Heute beseitigen des nächtlichen Desasters. Ja, es hat wirklich viel geregnet. Plane säubern, trocknen, alles trocknen, was gestern nicht mehr in Sicherheit gebracht werden konnte. Zelt auf machen, versuchen, den Boden trocknen zu lassen. Windig ist es heute, das ist gut, und die Wolken sausen im Eiltempo über den Himmel und machen Spiele zwischen Blau und Grau. Dazwischen ein wenig arbeiten, duschen, Haare waschen und irgendwie so aufräumen, dass das hier alles halbwegs einen Sinn ergibt. Wenig Hausarbeit hat man in der Ferne nur, wenns warm und trocken ist, aber nachdem ich nun fünf Wochen Sonne hatte, darf das auch mal sein. Außerdem: Kaffee ist aus, Gas geht bald aus und ich brauche einen Stift, um die Rückseite meines Solarpanels als Whiteboard verwenden zu können. Also auf nach Assisi!
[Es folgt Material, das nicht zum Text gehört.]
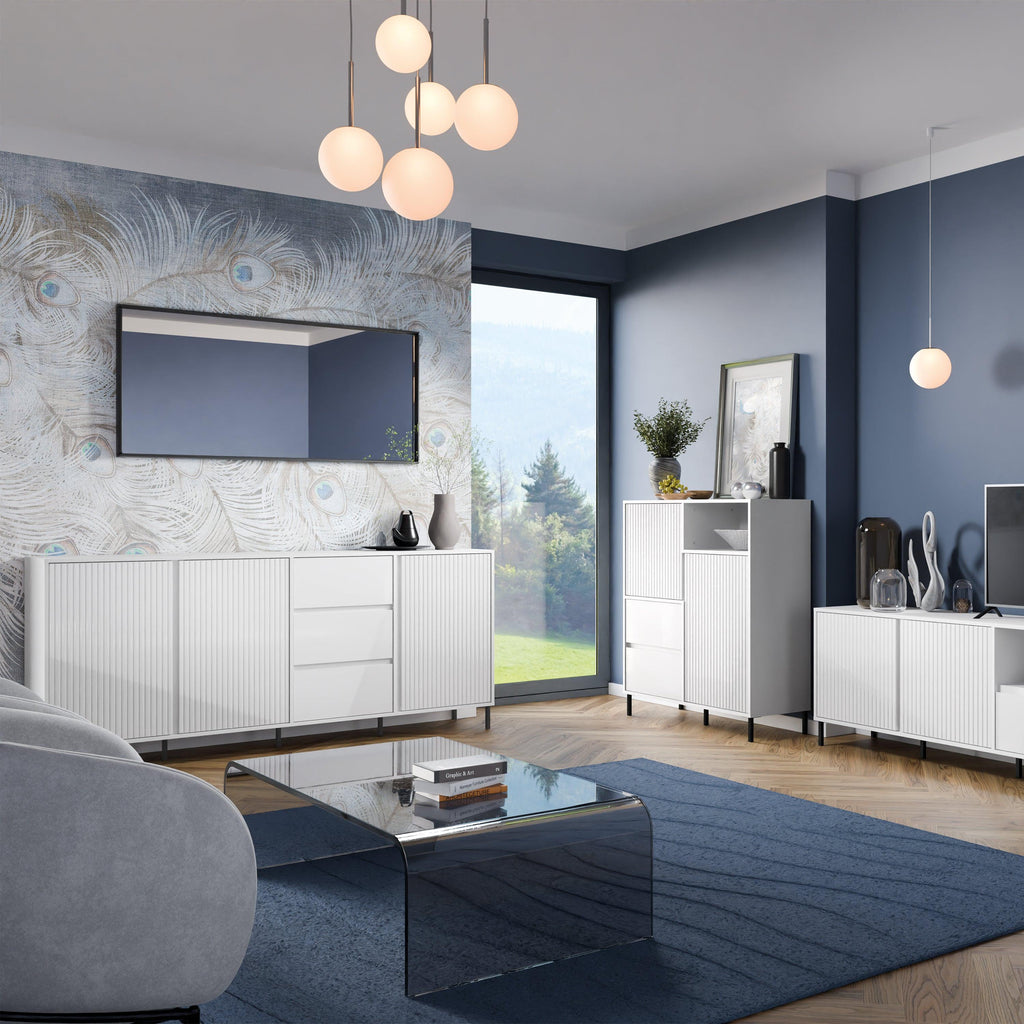 Avenale Sideboard 3 Door 3 Drawer in Alpine White High Gloss - image 7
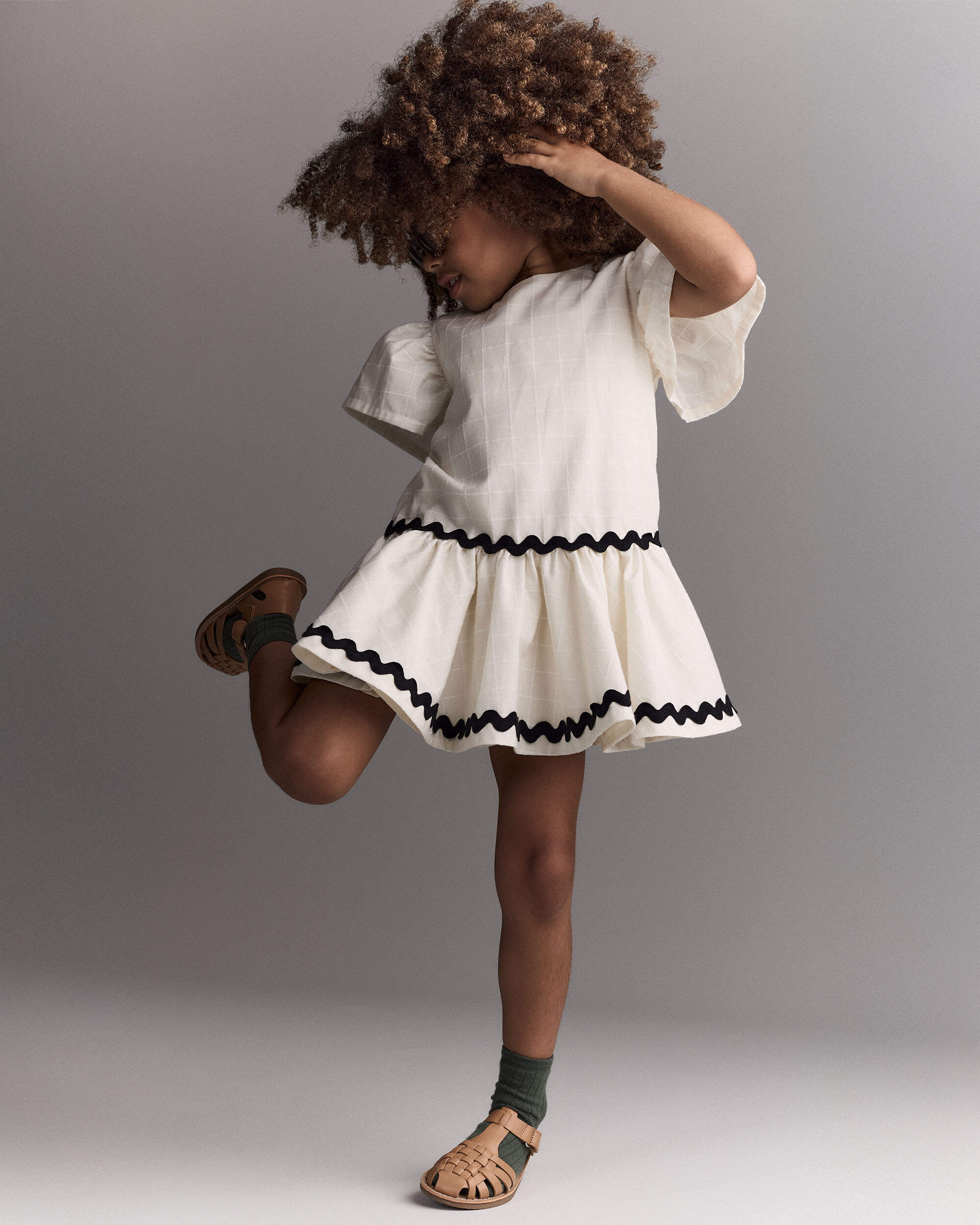 Toddler Girl Short-Sleeve Peplum Dress - Cream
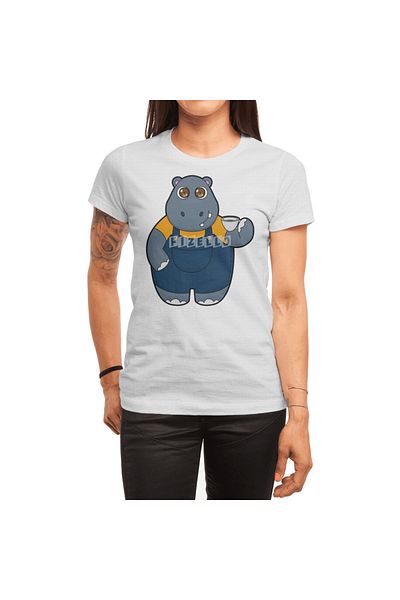 Fizello Λευκό μπλουζάκι Unisex με μοτίβο Hippo Coffee Cup για άνδρες και γυναίκες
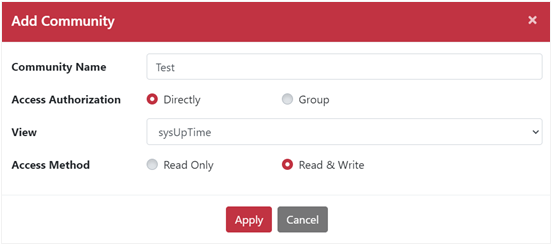 新增 SNMP Community 對話框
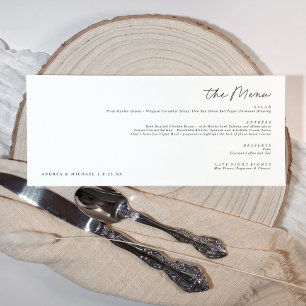 Menu Écriture Manuscrite Moderne Élégante pour Mariage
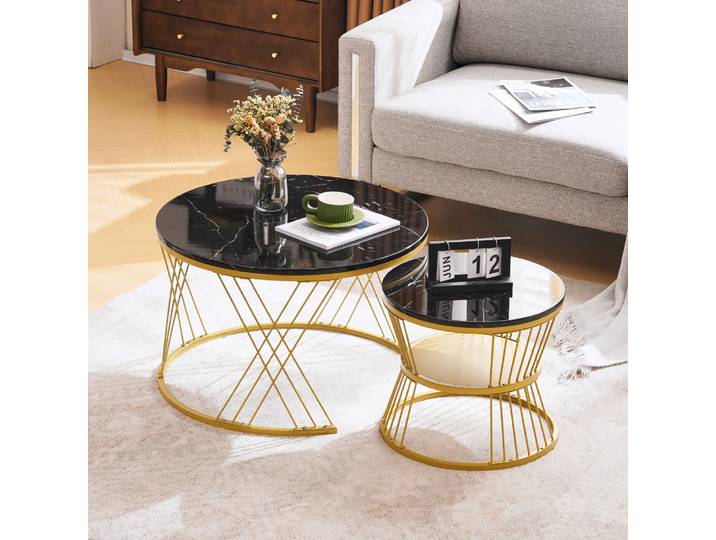 Table basse gigogne moderne, ensemble de table basse brillante, nid d'appoint de canapé meuble en marbre, tables d'appoint rondes, ensemble de 2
Am Weg ins Städtchen wird mir klar, dass ich aufgebrochen bin, um mit Menschen zu sprechen, sie zu befragen, was Leben und Arbeiten für sie bedeutet, was alternativ Arbeiten bedeutet, welche neuen Konzepte sie haben. Aber ich habe nicht viel gesprochen, in mir war etwas ganz still. Also, danke an die, die mit mir gesprochen haben! Aber es waren nicht viele… denn ich war in mir still. Ich habe viel gesprochen im Geschriebenen, denn das fällt mir leicht. Doch wenn man schreibt, dann bekommt das Gegenüber nicht die wahre Emotion mit, das Lachen, das Aufgeregt Sein, das Weinen. Geschrieben kann man emoticons schicken, doch wie reagiert wohl einer, wenn man dauernd weinende emoticons schickt? Das geschriebene Wort hat seine Qualitäten, doch kann es uns nicht in unserer Gesamtheit abdecken. Das wird mir so klar, als ich ins Städtchen wandere, mit großem Rucksack, weil ich ja einkaufen möchte, und am Wegesrand mit einem Mann zu sprechen beginne, der den Weg repariert. Er ist aus Bologna, kennt Salzburg, findet es sehr schön. Ich stammle meine paar Worte italienisch zusammen, klappt doch ganz gut. Schaffe es auch, in Assisi alles zu bekommen, was ich brauche, nur die Stifte fürs Whiteboard nicht, dafür aber einwandfreies Papier, das ich mit Gaffertape an das Paneel machen kann. In Assisi weht der Wind, nein besser, er braust durch die Gassen und ich denke daran, dass ich vor sechs Jahren im September hier war, mit Sommerkleid, und der Wind damals auch so stark war. Ich konnte das Kleid nicht mehr bändigen und aus allen Cafes und Bars kamen die zustimmenden Rufe, jedes Mal, wenn wieder ein Windstoß kam und ich mit Fahrrad und Tasche versuchte, mein Kleid im Griff zu halten. Es ist eine gute Erinnerung. In Assisi ist es gut. Pace e bene, gute Nacht.